Lanthanide-based catalyst systems are known to be useful for polymerizing conjugated diene monomers to form polydienes having high cis-1,4-linkage contents, low 1,2-linkages, and linear backbones. These cis-1,4-polydienes containing a linear backbone are believed to provide better tensile properties, higher abrasion resistance, lower hysteresis, and better fatigue resistance as compared to the cis-1,4-polydienes prepared with other catalyst systems such as titanium-, cobalt-, and nickel-based catalyst systems. Therefore, the cis-1,4-polydienes made with lanthanide-based catalysts are particularly suitable for use in tire components such as sidewalls and treads.
However, one disadvantage of the cis-1,4-polydienes prepared with lanthanide-based catalysts is that the polymers exhibit high cold flow due to their linear backbone structure. The high cold flow causes problems during storage and transport of the polymers and also hinders the use of automatic feeding equipment in rubber compound mixing facilities.

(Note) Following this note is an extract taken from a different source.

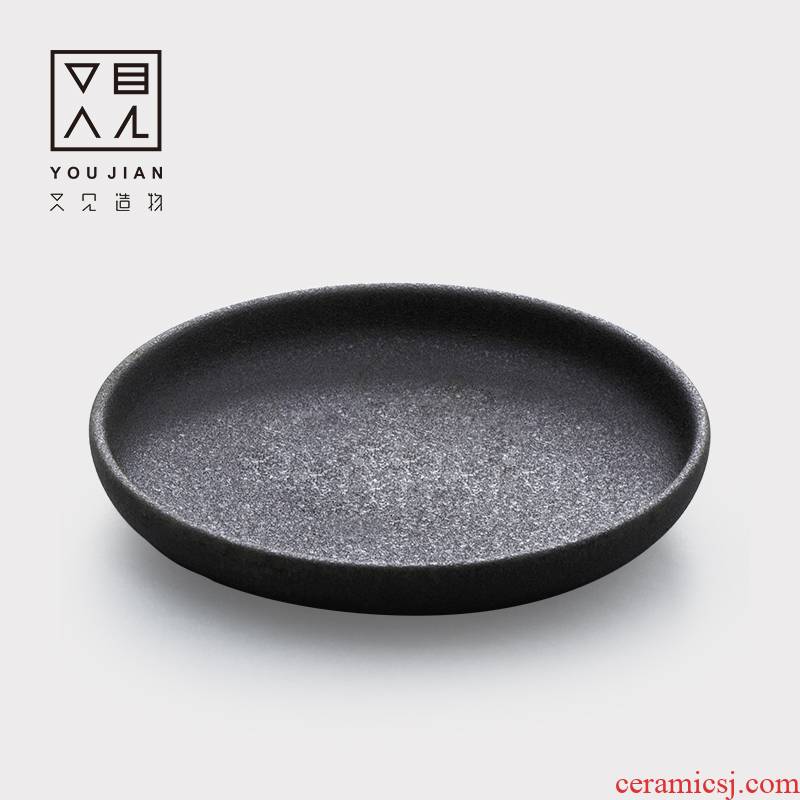 Small ceramic cup mat and creation ideas coarse pottery saucer insulation cup of black kung fu tao parts with zero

Cis-1,4-polydienes synthesized with lanthanide-based catalyst systems may also display pseudo-living characteristics in that, upon completion of the polymerization, some of the polymer chains possess reactive ends that can react with certain functionalizing agents to yield functionalized cis-1,4-polydienes. These functionalizing agents have been employed to improve the cold flow resistance of the resulting polydienes. Nevertheless, whether a particular functional group imparted to a polymer can improve the cold flow resistance or reduce hysteresis is often unpredictable. Furthermore, functionalizing agents that work for one type of polymer do not necessarily work for another type of polymer, and vice versa.
Therefore, there is a need to develop a process for producing functionalized cis-1,4-polydienes having a combination of high cis content and a linear backbone as well as improved cold flow resistance. This combination of properties in a polymer will provide a tire with superior performance.